(Beginning of Available records)
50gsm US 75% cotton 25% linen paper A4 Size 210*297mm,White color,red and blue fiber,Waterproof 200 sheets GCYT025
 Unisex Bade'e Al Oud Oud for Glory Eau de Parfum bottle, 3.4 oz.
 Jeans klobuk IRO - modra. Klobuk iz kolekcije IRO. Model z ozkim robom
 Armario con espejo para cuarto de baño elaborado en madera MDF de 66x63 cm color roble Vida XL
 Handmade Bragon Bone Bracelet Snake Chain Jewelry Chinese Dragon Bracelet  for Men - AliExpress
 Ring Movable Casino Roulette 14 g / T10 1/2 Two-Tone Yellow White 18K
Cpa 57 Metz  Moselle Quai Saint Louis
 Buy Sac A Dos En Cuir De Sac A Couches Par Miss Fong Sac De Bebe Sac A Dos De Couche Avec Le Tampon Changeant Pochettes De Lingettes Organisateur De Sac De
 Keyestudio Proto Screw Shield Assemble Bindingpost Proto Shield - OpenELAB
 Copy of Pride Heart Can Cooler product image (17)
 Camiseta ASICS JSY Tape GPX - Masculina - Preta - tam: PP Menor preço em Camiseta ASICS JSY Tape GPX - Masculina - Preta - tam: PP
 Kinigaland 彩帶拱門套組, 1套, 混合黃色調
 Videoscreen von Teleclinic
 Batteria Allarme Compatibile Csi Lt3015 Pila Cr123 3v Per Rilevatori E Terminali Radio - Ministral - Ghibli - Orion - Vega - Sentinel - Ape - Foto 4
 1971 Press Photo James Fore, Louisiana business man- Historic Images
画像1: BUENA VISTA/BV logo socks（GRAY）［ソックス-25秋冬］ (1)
(End of Available records)
* Description of the task *
Retype exactly the lines from the start of the entries through the one with "Armario con espejo"; include both ends.

* Completed task *
50gsm US 75% cotton 25% linen paper A4 Size 210*297mm,White color,red and blue fiber,Waterproof 200 sheets GCYT025
 Unisex Bade'e Al Oud Oud for Glory Eau de Parfum bottle, 3.4 oz.
 Jeans klobuk IRO - modra. Klobuk iz kolekcije IRO. Model z ozkim robom
 Armario con espejo para cuarto de baño elaborado en madera MDF de 66x63 cm color roble Vida XL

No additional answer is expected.